Video footage posted online showed demonstrations all around the country of 42 million, the largest nation by land mass in Africa, and a key player in Arab, Mediterranean, and African affairs. The electronic news outlet Tout Sur Algerie, with a million followers on Twitter, reported protests in the capital Algiers, in Boumerdes, a satellite city of the capital, Bouira, southwest of the capital, Constantine and Souk Ahras, in the country’s northeast, Mascara in the northwest, the Sahara oasis city of Ghardaia as well as the number two city of Oran.

Protesters in Tizi Ouzou, an important city in the largely ethnic Berber region of Kabylie, waved the blue, green and yellow flag of the Amazigh movement for cultural and political rights.

In the capital, authorities throttled the internet to slow communications and reporting on the protests, and blocked public transport access to protest venues, tactics used by Arab regimes during the 2011 uprisings against long-standing dictatorships.

Police tried to block protesters from the main squares and fired tear gas, but showed restraint: Algeria’s police are better trained and paid than counterparts in other Arab autocracies, and the journalist who attended the protests said they mostly stood on the sidelines despite a years-long ban on protests in the capital.

Beyond the election and the disconnect between Mr Bouteflika’s entourage and the country’s youthful population, Algerians of all political leanings have long been angry at the country’s ruling elite over perceived corruption and the squandering of the country’s vast hydrocarbon wealth.

According to Swiss media outlets, Mr Bouteflika is currently in a Geneva hospital where he is recovering from respiratory and neurological medical complications that apparently leave him unable to speak. Once a dynamic politician who guided the country into an era of relative stability following the civil war, he has been wheelchair bound, largely quiet and mostly absent from public view since suffering a stroke nearly six years ago.

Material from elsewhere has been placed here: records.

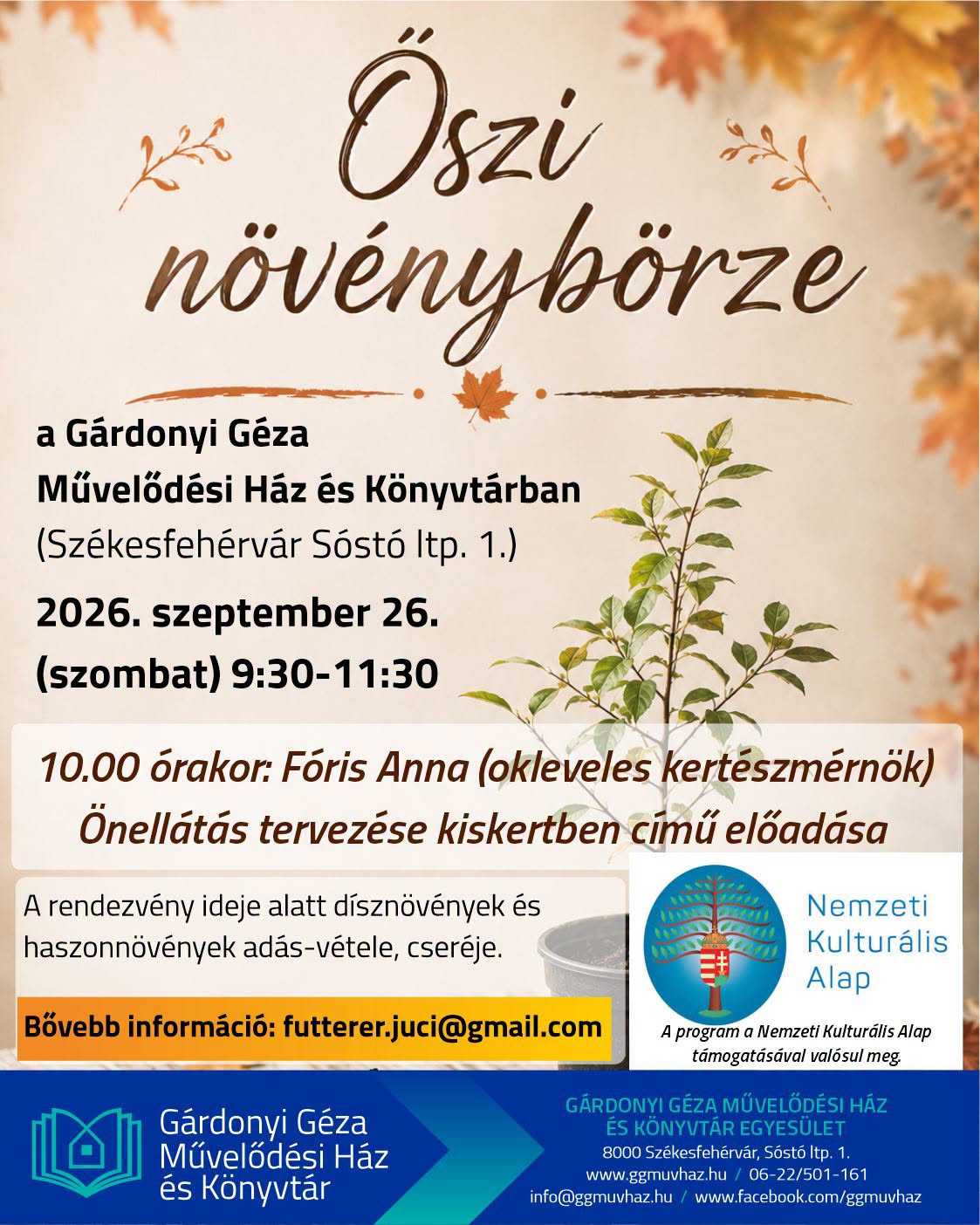 Őszi növénybörze vásárral, csereberével szombaton a Gárdonyi Géza Művházban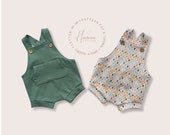Baby overalls pattern, short romper sewing pattern PDF, grow with me baby romper pattern, jumpsuits with pocket, toddlers romper patterns.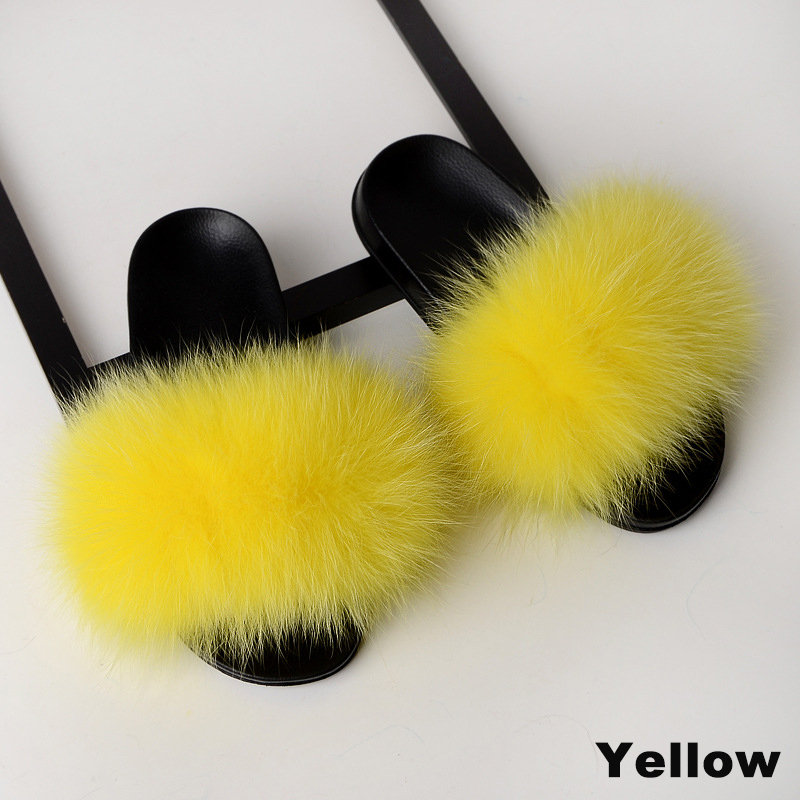 Women Fur Slippers Faux Fox Fur Slides Home Furry Flat Sandals Female Cute Fluffy House Shoes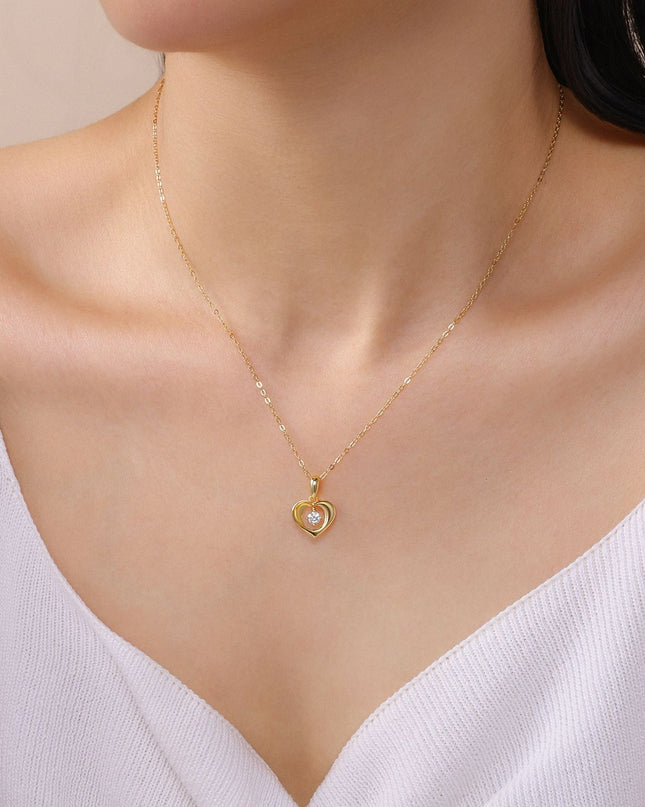 Dopamine S925 Sterling Silver Moissanite Necklace, 18K Gold Heart-Shaped Creative European and American Style Pure Silver Pendant
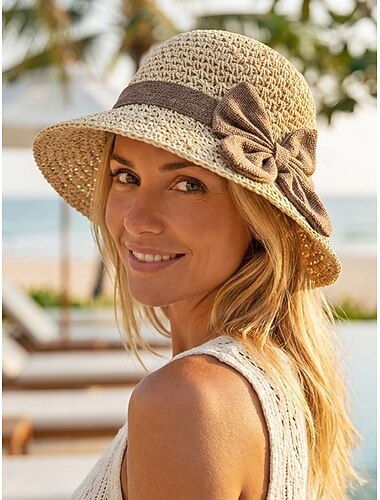  Dame bohemsk stråhatt med sløyfe – flere farger, sammenleggbar for enkel bæring, perfekt for fritidsbruk og strandferiestil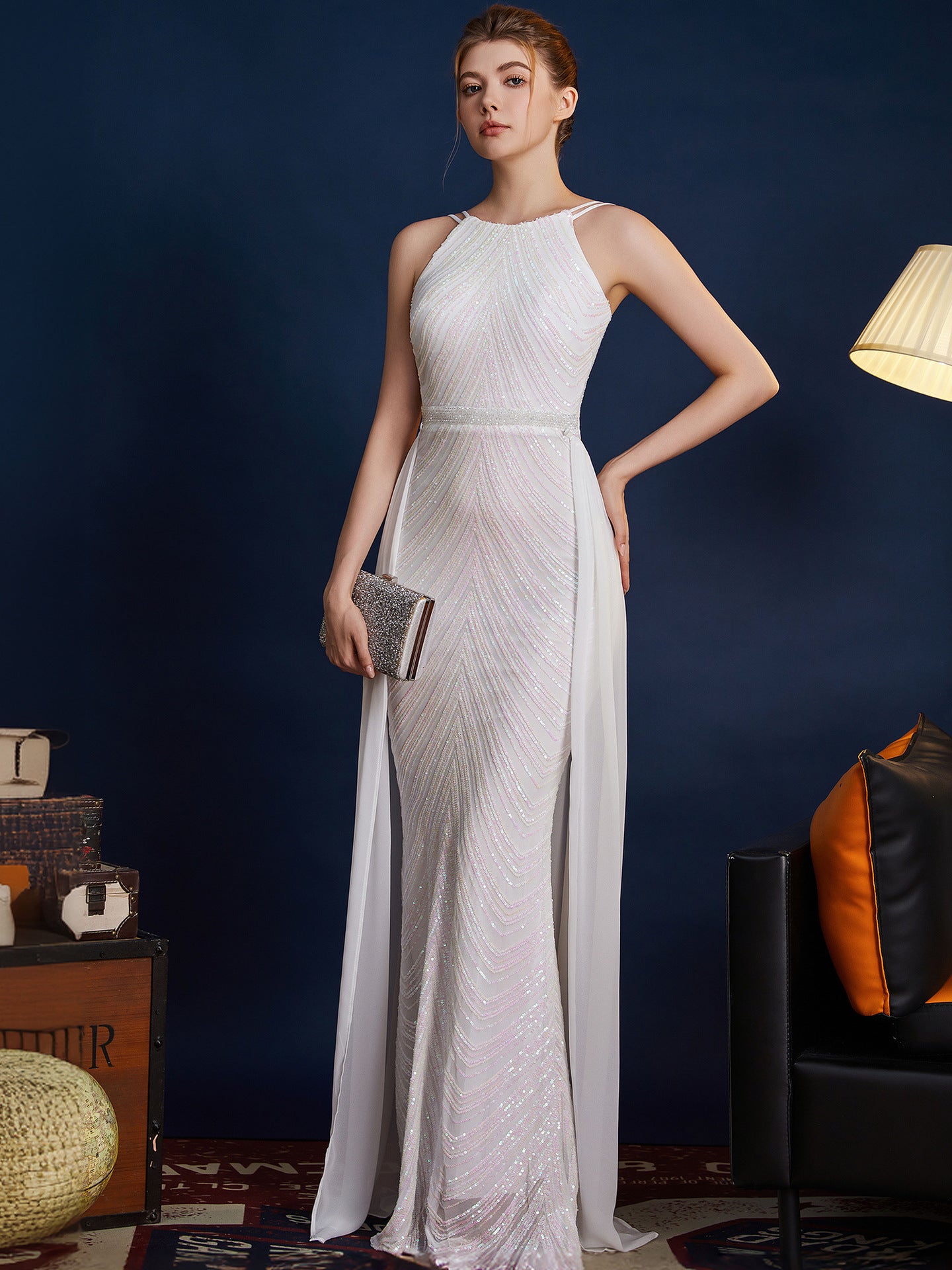 High-end elegant evening gown for brides, wedding banquets Dress (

Many Algerians suspect his brother Caid Bouteflika and a clique of shadowy business and military figures are pulling the strings of government, divvying up the country’s spoils and mismanaging the nation’s affairs without any accountability.

The Algerian uprising is being closely watched across the Middle East and North Africa. Financial analysts have cautioned that any major unrest or violence could badly damage a fragile economy.

For decades, the country was seen by westerners and Arab autocrats as an example of how Arab autocracies could employ security forces to squelch popular demands for change. But the expanding protests suggest Algeria’s stability – which has benefited western oil and gas firms doing business in the country – has been a chimera.

“Instead of ending unrest by addressing the underlying problems, they propose more repression,” wrote Hassan Hassan, a scholar. “This approach is reinforced by deteriorating economic conditions and dwindling resources, which make the regimes less capable of resolving the underlying issues.”